She coughed and put her little hand to her rosebud mouth. “You actually like this stuff?” she rasped, but smiling.
“You get used to it,” I said. “Give it a chance.”
“I trust you,” she said, lifting the glass to her lips with both hands, eyes wide and on me while she sipped.
Feeling my crotch tingle slightly, I gulped from my coffee cup full of booze.
Dew set down her glass and picked up the shirt she’d been working on. “It’s not finished yet, but be honest.”
“I love it,” I said.
She pressed it against me. “Looks like a good fit to me.”
“It’s not for me.”
Faking a little girl pout, “You don’t like it,” she said, snatching it back. I wanted to reach out and touch her button nose. I took another swallow instead.
“I do, I do,” I said, “but ...”
“But what?”
Paul poured himself and Thomas another. “‘The Wild Side of Life,’” he said. It was the first time any of us had gotten a glimpse of how our mild-mannered engineer might have ended up in jail.

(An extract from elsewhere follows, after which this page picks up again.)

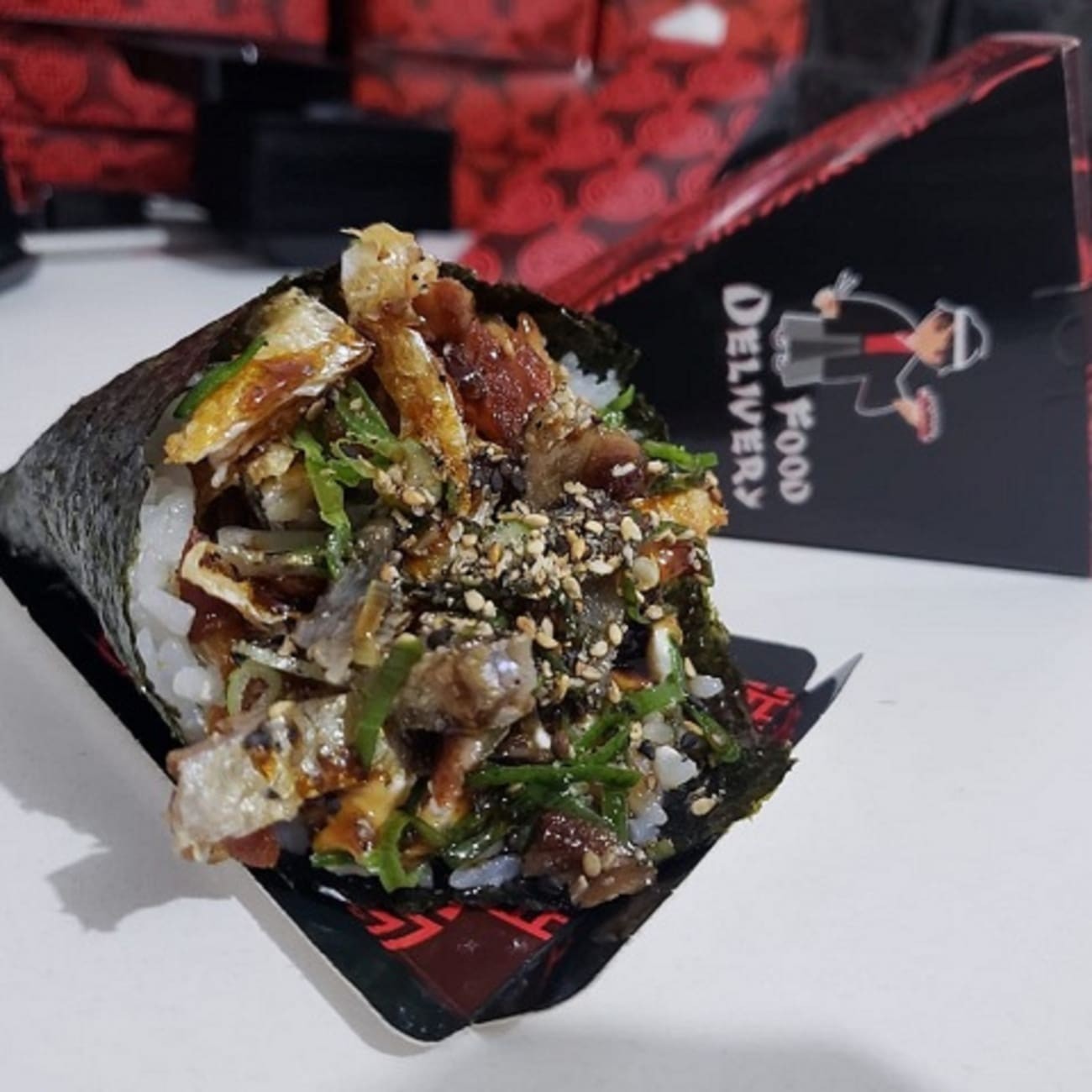 Pele de salmão grelhado com gergelim e teriaki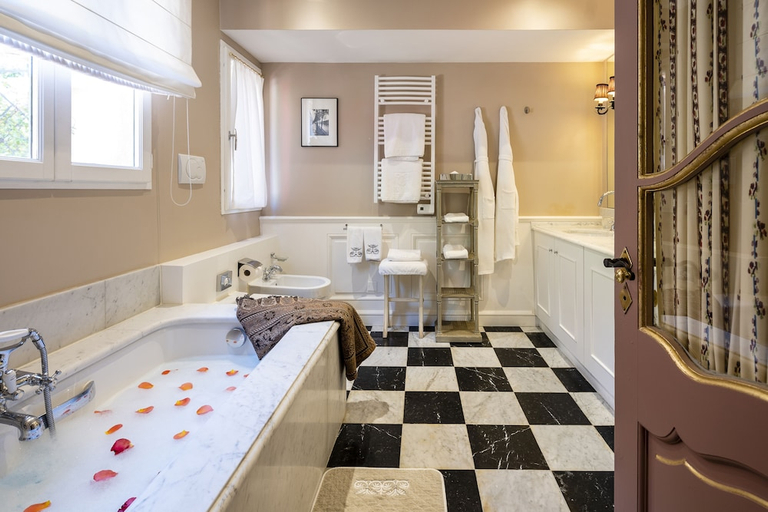 Bathroom 4, VILLA GALLICI, Bouches-du-Rhône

Thomas picked up his glass, took a sip, smacked his lips. “Imagine that, darlin’,” he said, turning to Heather. “A city boy who knows his Hank Thompson.”
Paul, gracious in defeat, clinked Thomas’s water glass. Heather leaned over and kissed Thomas on the cheek. Thomas began playing.
“But you’ve already made me one shirt,” I said. “I can’t ask you to—”
“You didn’t ask me to do anything,” Dew answered. “I made that first one for you because I wanted to. So you’d feel good on stage. Do you feel good when you wear my shirt?” She put her hand on my thigh and I didn’t give a little embarrassed laugh and move my leg or send her a friendly but firm look and take away her hand.
“All right, man,” Paul said, “this is my last chance.” He held the bottle suspended over his empty glass but didn’t pour. “‘Just Can’t Live That Fast Any More.’”
Thomas squinted into space and strummed his guitar for a few thoughtful seconds; stopped, and adjusted his E string. Still tuning, “You know, Paul,” he said, “you’re right, you’re absolutely right. Lefty Frizell was one fine singer, wasn’t he?”
Paul shook his head and poured the last of the scotch into Thomas’s glass.
Heather kissed him again.
“He never misses,” she said.
82.
IT’S NOT ALWAYS CALM before the storm. Sometimes the sky roars and the air crackles and the people in the audience stomping their feet and pounding on the tabletops know. Just like you know. Plug your ears and duck and cover all you want, but what’s coming is coming, just like it always has. Always will.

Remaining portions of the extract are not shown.